Overview

About the Computational Skills Workshop

The workshop will focus on skills related to computation, code development, and statistics/data science workflows, including,

  • open science workflows and literate programming;
  • introduction to version control, Git and GitHub;
  • code style;
  • debugging;
  • testing;
  • collaboration with Git and GitHub;
  • numerical analysis (random number generation and floating point precision);
  • packaging and reproducible environments; and
  • automated workflows.

Goals

  • Goal 1: Emphasize good computational and code development practices (scripting, version control, testing, modularity, defensive programming, documentation, commenting, numerical analysis issues).
  • Goal 2: Emphasize good practices for workflows, including reproducibility, automation, isolated environments.
  • Goal 3: Provide practice with and introduce key tools for version control, testing, documentation, literate programming (documents with runnable code).

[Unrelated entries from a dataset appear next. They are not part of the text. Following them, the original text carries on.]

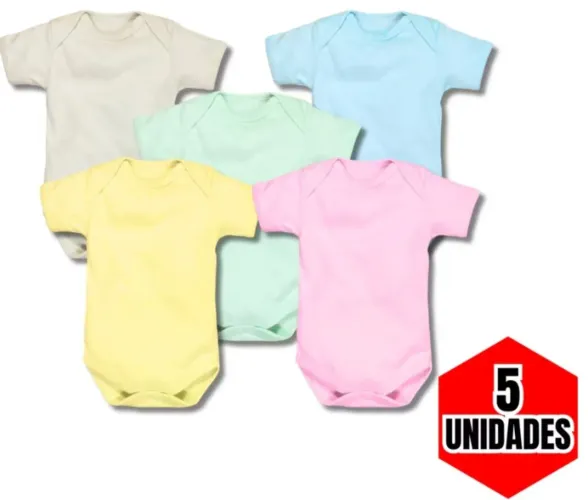 Kit de 5 Body Manga Curta Lisa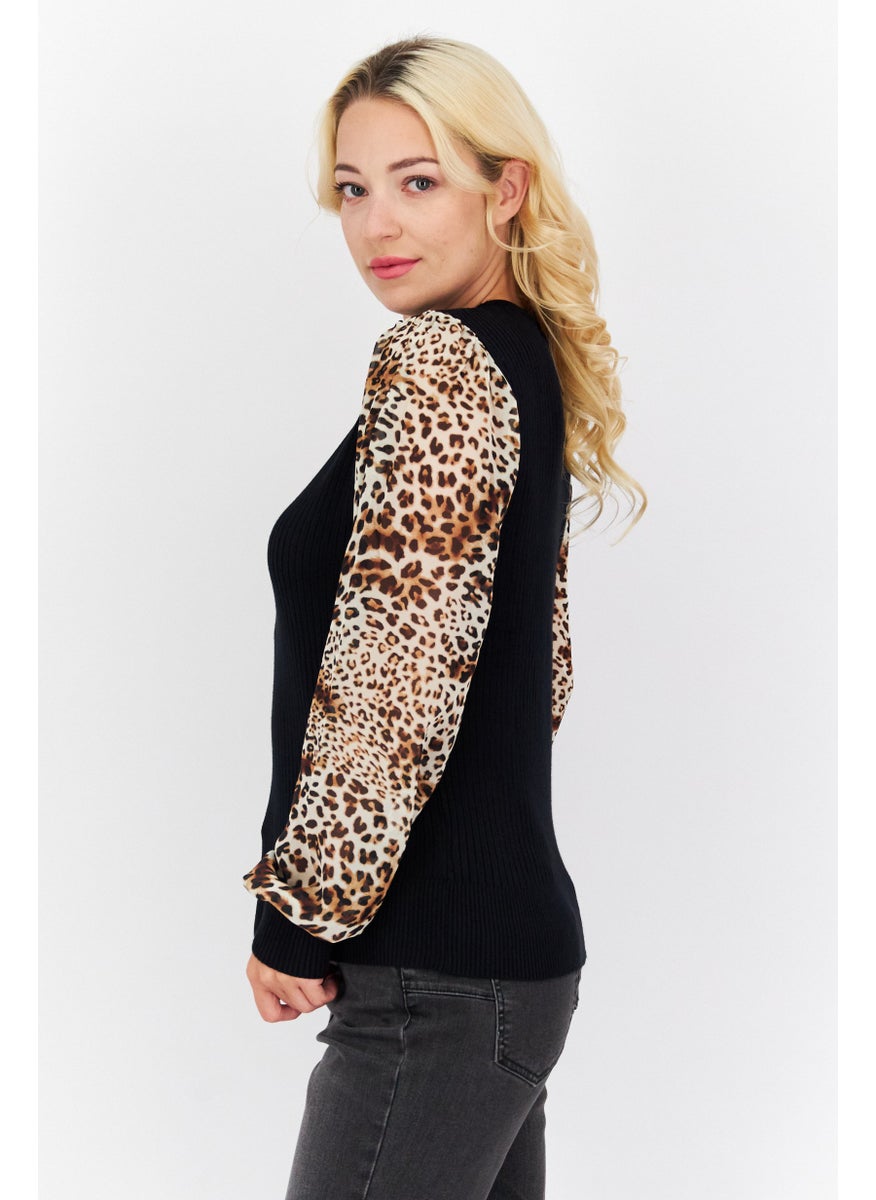 PHILOSOPHY - Women Crew Neck Long Sleeves Animal Print Blouse, Black Combo - Image 1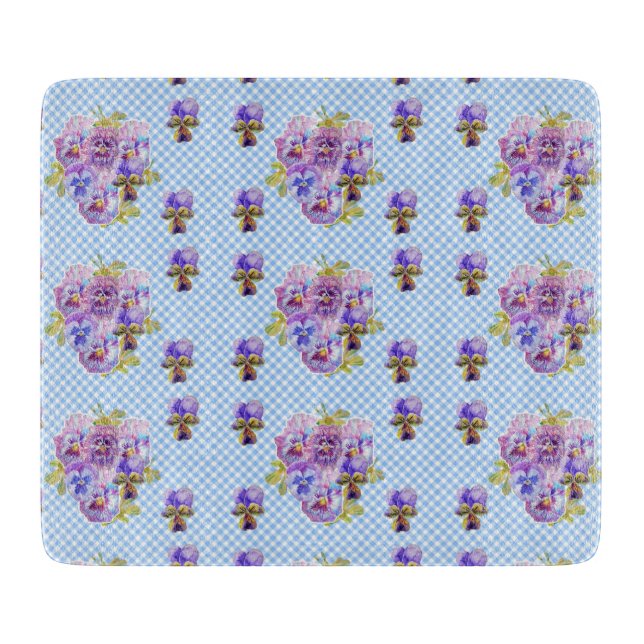 Shabby chic Pansy Blommigt Blue Gingham Checks (Framsidan)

(Optional) Introduction to Computing and Python

The optional additional sessions (held Tuesday-Wednesday, August 20-21) provide a basic introduction to computing concepts (e.g., parts of a computer, ideas related to parallelization, introduction to the the shell/command line/terminal) and an introduction to Python.

These are intended for those with little experience (or wishing a refresher) with working in a command line context or with using Python, and are particularly important for those taking Statistics 243, which assumes basic knowledge of Python.

The introduction to Python will borrow heavily from this Software Carpentry Python lesson, with some additional topics added.